LGF: EA’s ‘Be the One’

Few things stand so tall over the city of London that they can be seen for miles around. There’s Canary Wharf, obviously, the BT Tower, The Millennium Wheel, Ken Livingstone’s famous Gherkin and, erm, Homer Simpson.

Okay, so he might not be a regular fixture of Europe’s most celebrated city, but thanks to Electronic Arts, Fox’s blundering icon stood head and shoulders above the most eye-catching architecture Trafalgar Square had to offer during London Games Festival.

This 25ft ‘Helium Homer’ was just one of many attractions that managed to attract tens of thousands to EA’s Be The One event in the Square.

More than 30,000 people showed up across three days – enjoying festivities for a full eight hours on Thursday and Friday, and indulging in a genuine mini-festival of gaming. And as if the turnout wasn’t impressive enough, many had to withstand some pretty dreary British weather to witness the product on show.

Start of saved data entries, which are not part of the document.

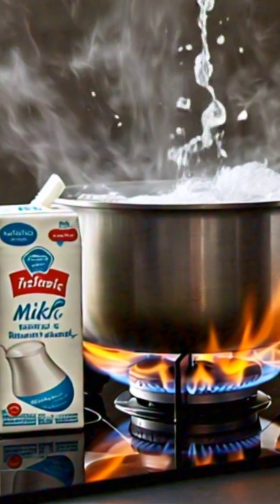As the temperature increases, the water vapor expands and the pressure increases, which pushes the thin layer up and causing the milk to overflow.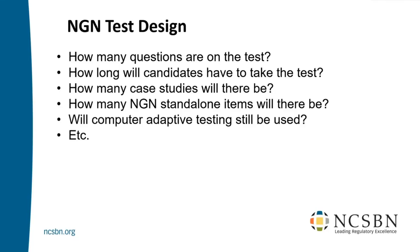Some of you know we use computer adaptive testing — we call it CAT. Is that still in the mix? These are the questions I've been asked for years. And luckily, it was really in the last 12 months that we finally analyzed enough data to be able to decide on the answers to all these questions.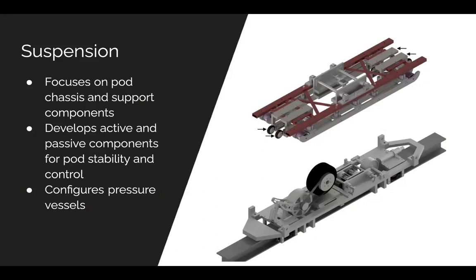The suspension sub-team is responsible for the structural stability of the pod. They focus their efforts on designing, machining, and testing lateral and vertical stability systems. They utilize Autodesk Inventor and Ansys to effectively modify and simulate their designs prior to machining parts in-house. If that sounds interesting, feel free to reach out during office hours or look on our website to learn more.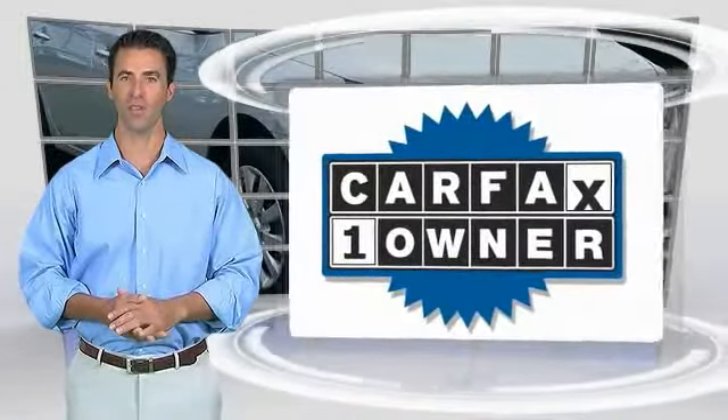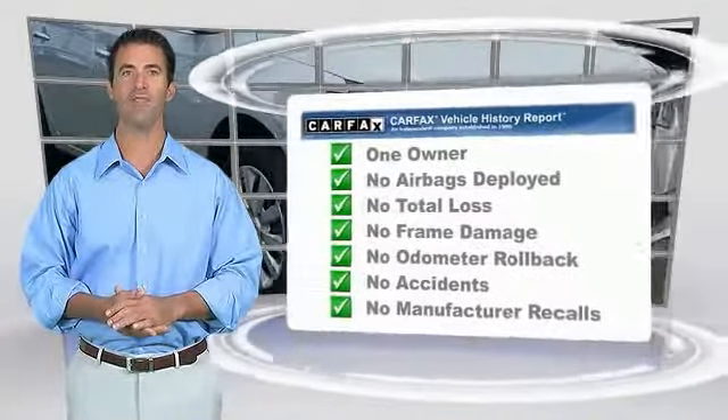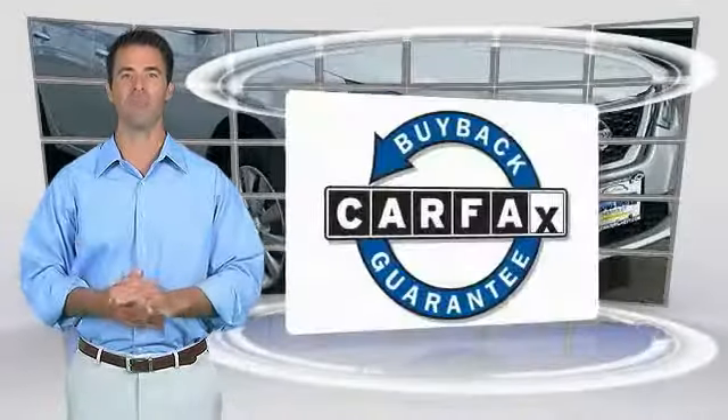This is a one-owner vehicle with the Carfax Vehicle History Report. Be sure to find a complimentary copy of this report online or contact the dealership. This vehicle qualifies for the Carfax Buyback Guarantee.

At the foot of the National Gallery, EA created a massive gaming area where consumers could get their hands on pods, check out brand new and forthcoming games, or take a simple gaming challenge that would qualify them to make it to one of the shining lights of the event – the B Stage.

Once on the B Stage they met other contenders from the public and battled it out.

Winners were then drafted onto the Main Stage, and got to play challenges against celebs. These were projected onto a 12 metre-by-seven-metre High Definition screen at the foot of Nelson’s Column. The winners walked off with a games console and stack of EA games.

As the rain drizzled, flagship titles such as FIFA 08, The Simpsons Game, Rock Band, The Sims 2 Castaway, SKATE, Hellgate: London and Need For Speed: Pro Street still managed to attract an impressive 9,000 gamers to the gaming area – meaning almost a third of the total audience got their hands on EA’s biggest and best releases.

A host of famous faces (sorry, for the marketeers out there, ‘talent’) were on hand to keep the audience chuckling.

With stars ranging from singing sista Kelly Rowland (a genuine Sims fan, by all accounts) to CBBC’s Dick’n’Dom; indie stalwarts Ash, to pre-pubescant star ‘Lil Chris, it’s not hard to see why the event enjoyed such a healthy attendance.

As children of the eighties, MCV was obviously most impressed with the dual wonder promoting Wii family title Smarty Pants – Bullseye’s Jim Bowen and Catchphrase’s Roy Walker. Have two greater beasts of entertainment ever stood side-by-side? Possibly not.